__EXERCISE DATA__.
-*-

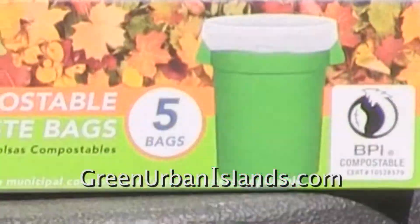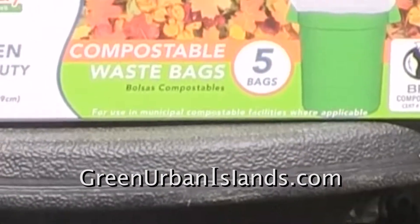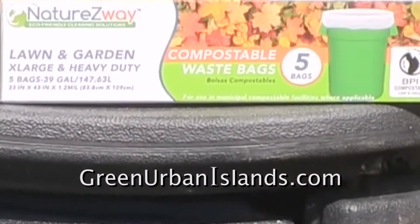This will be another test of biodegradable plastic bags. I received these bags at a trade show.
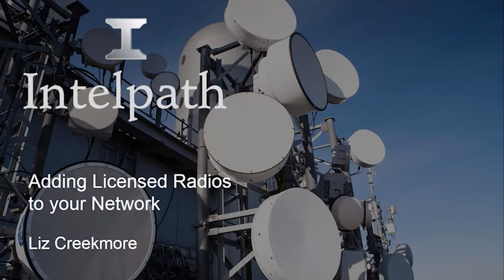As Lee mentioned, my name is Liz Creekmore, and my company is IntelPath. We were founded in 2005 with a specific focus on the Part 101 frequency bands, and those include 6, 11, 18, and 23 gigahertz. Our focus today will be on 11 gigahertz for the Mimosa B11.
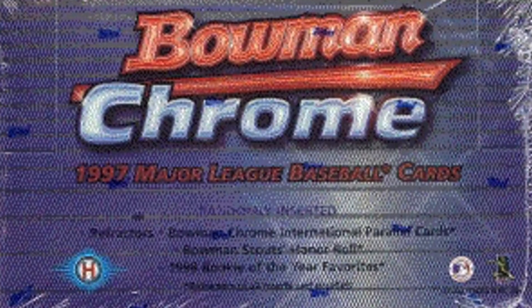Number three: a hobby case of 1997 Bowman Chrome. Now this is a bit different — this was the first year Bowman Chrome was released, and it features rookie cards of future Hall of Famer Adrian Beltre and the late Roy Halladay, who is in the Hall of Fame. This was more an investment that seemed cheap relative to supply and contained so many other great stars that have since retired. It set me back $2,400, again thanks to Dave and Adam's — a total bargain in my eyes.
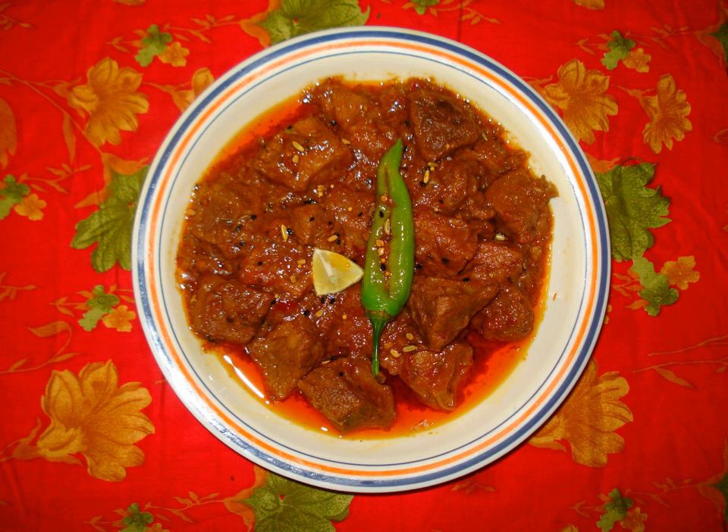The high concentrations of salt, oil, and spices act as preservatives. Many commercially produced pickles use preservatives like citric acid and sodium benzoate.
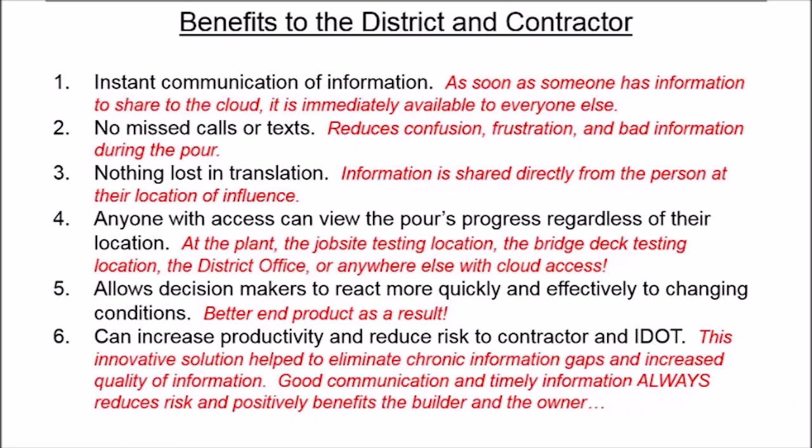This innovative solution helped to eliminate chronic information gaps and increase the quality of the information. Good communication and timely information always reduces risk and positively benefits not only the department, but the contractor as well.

-*-

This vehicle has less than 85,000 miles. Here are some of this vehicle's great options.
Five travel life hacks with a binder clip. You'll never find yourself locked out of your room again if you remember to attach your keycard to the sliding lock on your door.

-*-

__EXERCISE__. Look above for the line with "This will be" and the line with "As Lee mentioned, my". Output those two and everything between them exactly, pictures excluded.

__ANSWER BOX__.
This will be another test of biodegradable plastic bags. I received these bags at a trade show.
As Lee mentioned, my name is Liz Creekmore, and my company is IntelPath. We were founded in 2005 with a specific focus on the Part 101 frequency bands, and those include 6, 11, 18, and 23 gigahertz. Our focus today will be on 11 gigahertz for the Mimosa B11.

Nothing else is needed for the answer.